* **WHAT YOU ARE ASKED TO DO**
Only one span is wanted from the lines below: from the one with "Her hair is" up to and including the one with "This video is sponsored". Copy it exactly, without images.

* **ENTRIES SUPPLIED**
────

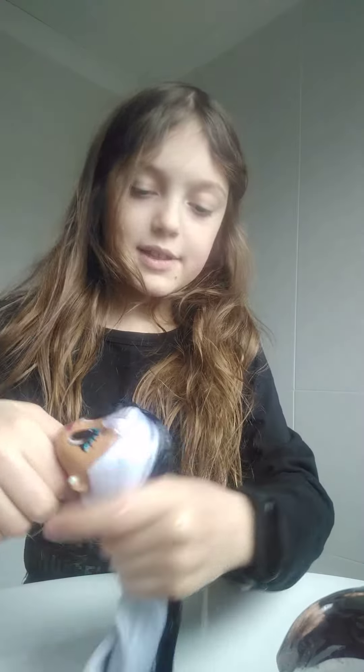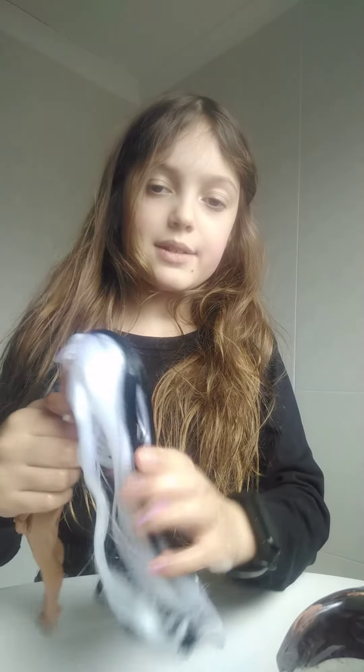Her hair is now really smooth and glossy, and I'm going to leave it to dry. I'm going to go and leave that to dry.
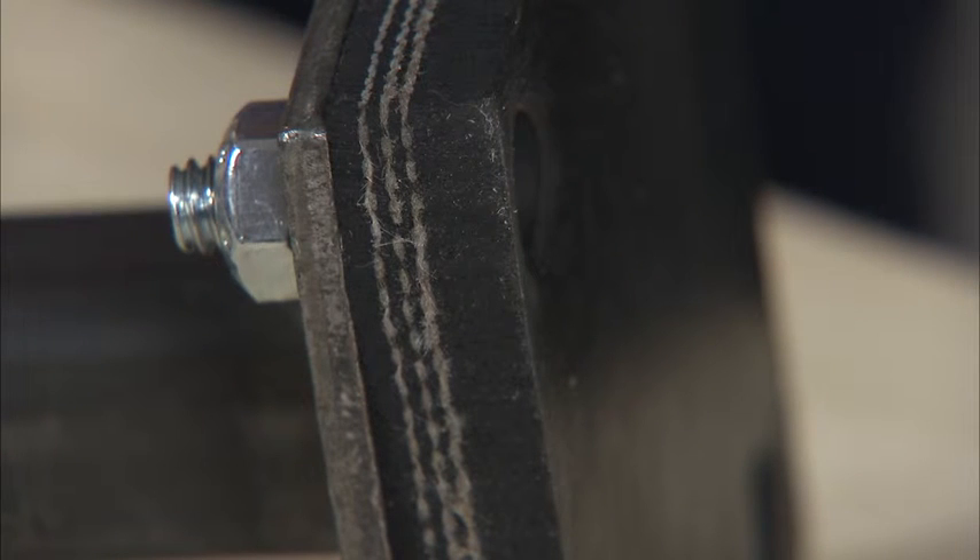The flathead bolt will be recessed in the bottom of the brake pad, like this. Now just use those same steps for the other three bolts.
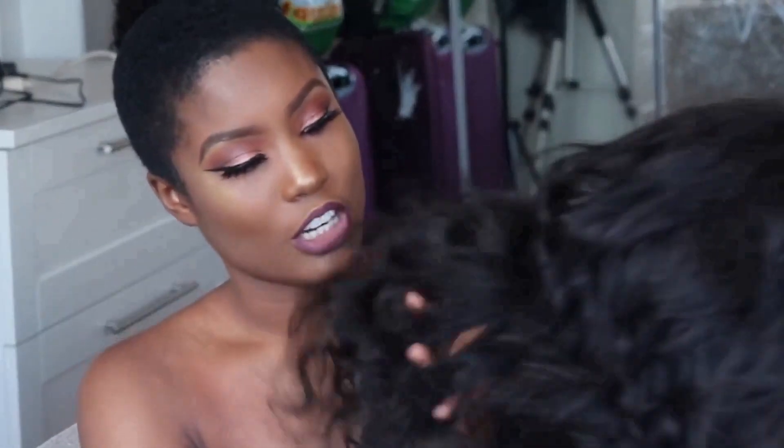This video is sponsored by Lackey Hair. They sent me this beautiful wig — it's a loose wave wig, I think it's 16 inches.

────

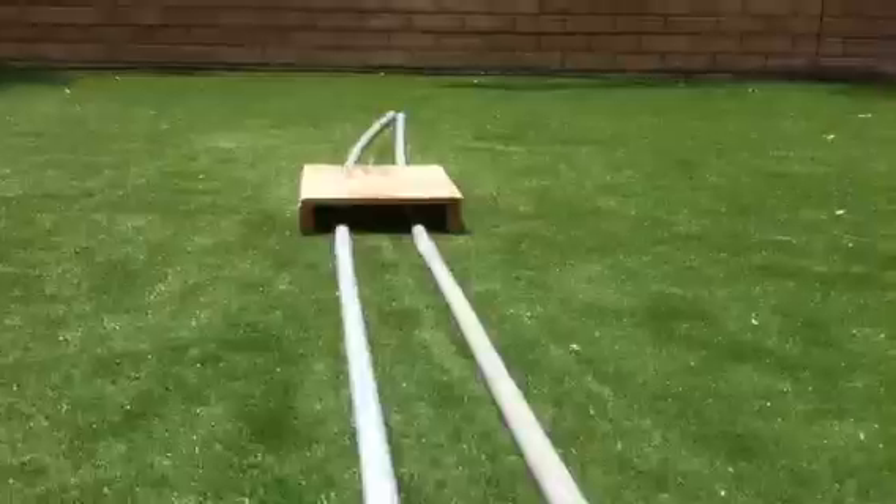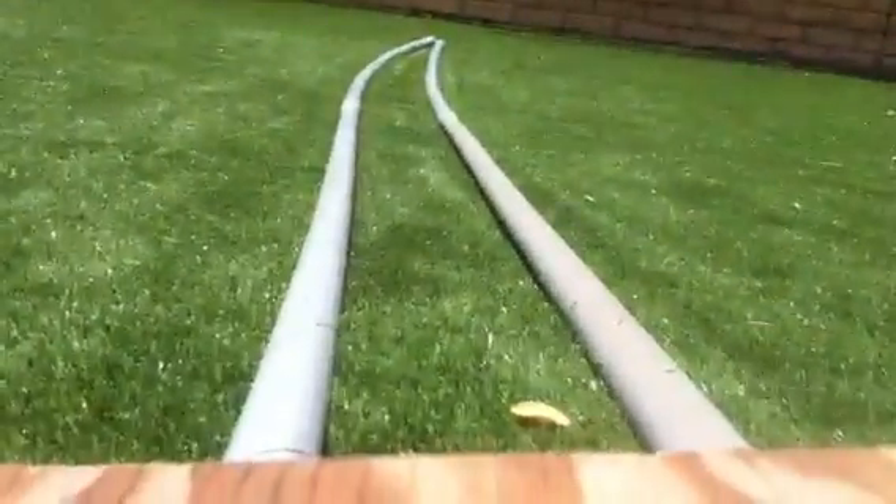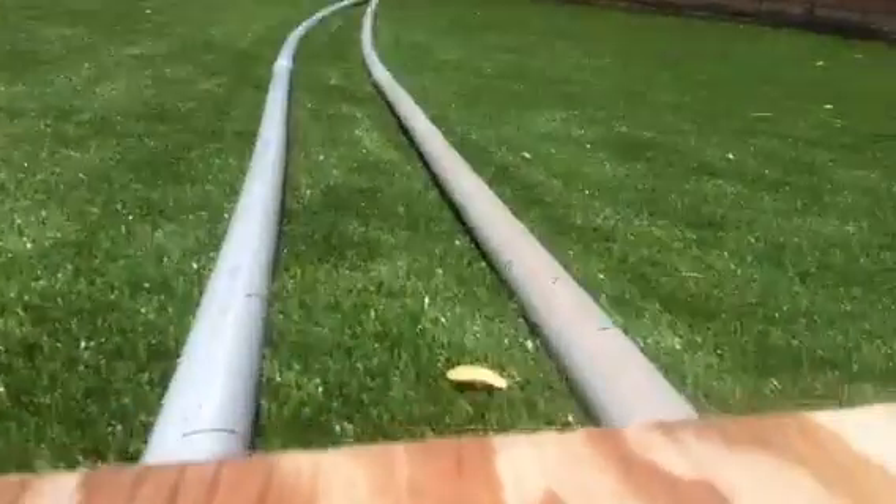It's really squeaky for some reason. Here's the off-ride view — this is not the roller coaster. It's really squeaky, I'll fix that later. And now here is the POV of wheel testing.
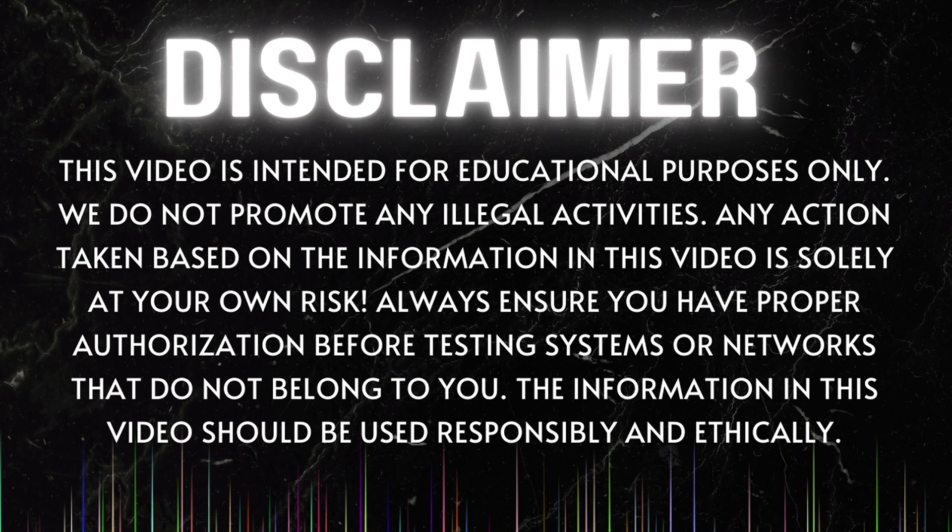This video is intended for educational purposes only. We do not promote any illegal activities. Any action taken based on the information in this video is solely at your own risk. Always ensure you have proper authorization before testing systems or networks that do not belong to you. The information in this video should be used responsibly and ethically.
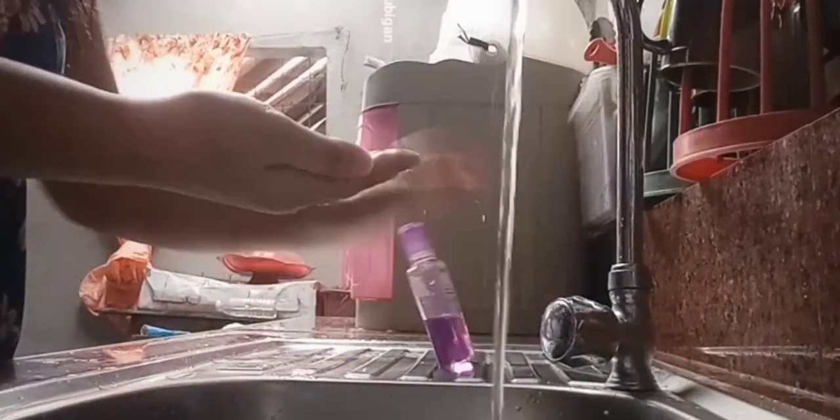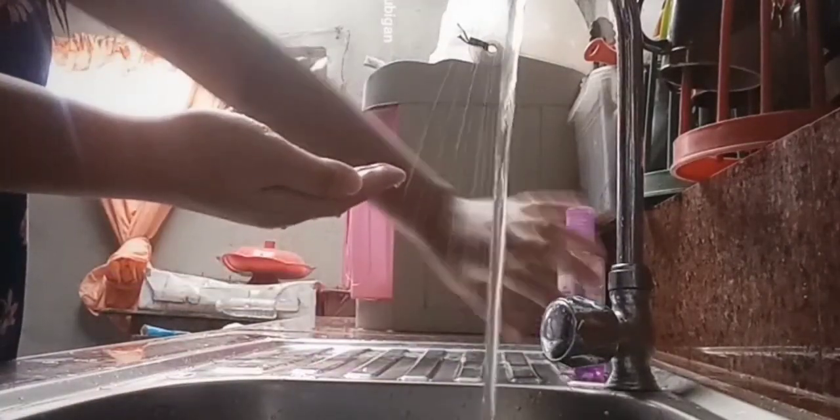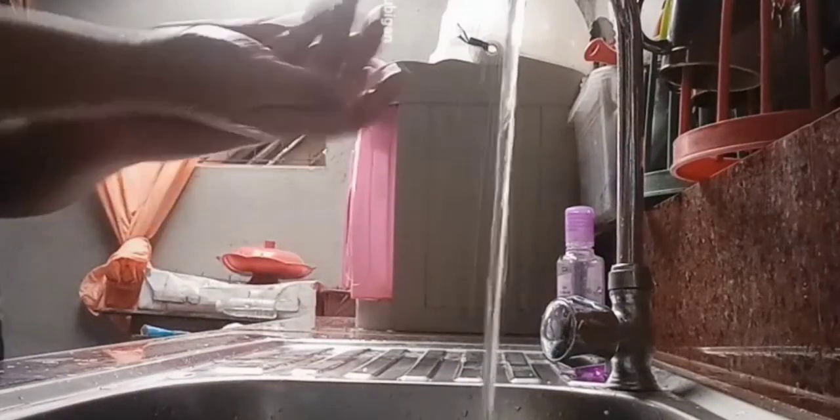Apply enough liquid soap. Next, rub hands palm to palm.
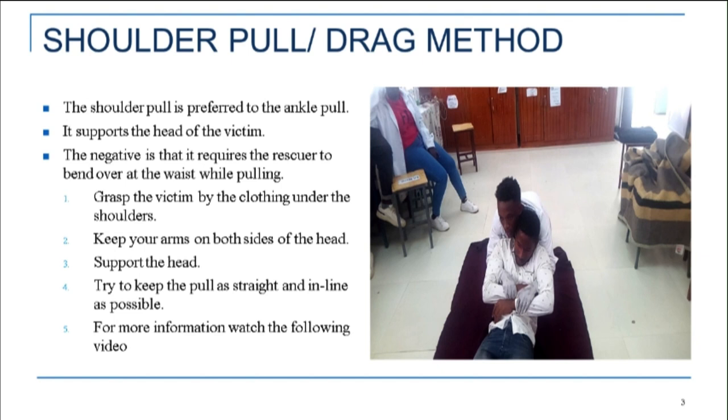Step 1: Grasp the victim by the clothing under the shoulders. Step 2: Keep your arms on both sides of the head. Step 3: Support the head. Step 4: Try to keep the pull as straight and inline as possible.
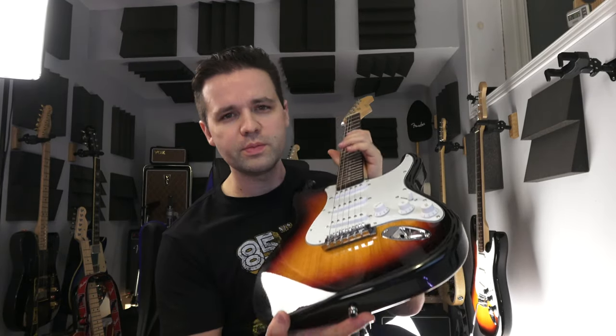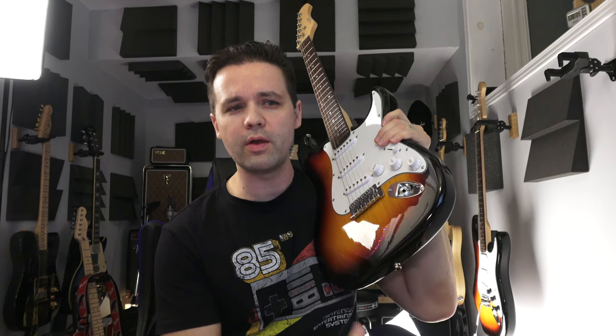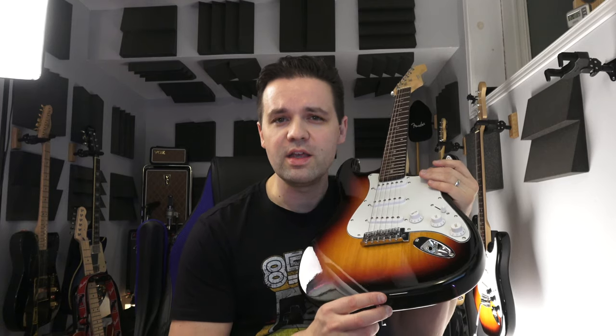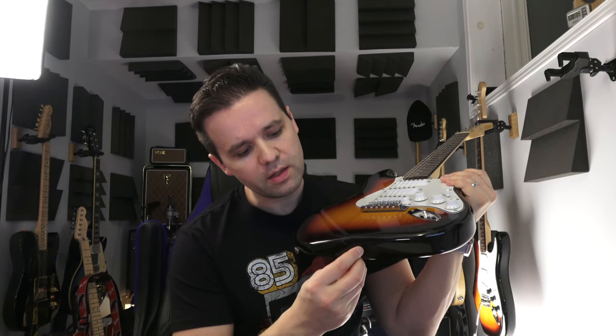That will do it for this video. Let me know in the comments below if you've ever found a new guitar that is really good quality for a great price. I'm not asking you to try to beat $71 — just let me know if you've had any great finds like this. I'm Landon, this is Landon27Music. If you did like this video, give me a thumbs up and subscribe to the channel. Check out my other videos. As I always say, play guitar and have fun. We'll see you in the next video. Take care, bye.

────

* **EXERCISE RESULT**
Her hair is now really smooth and glossy, and I'm going to leave it to dry. I'm going to go and leave that to dry.
The flathead bolt will be recessed in the bottom of the brake pad, like this. Now just use those same steps for the other three bolts.
This video is sponsored by Lackey Hair. They sent me this beautiful wig — it's a loose wave wig, I think it's 16 inches.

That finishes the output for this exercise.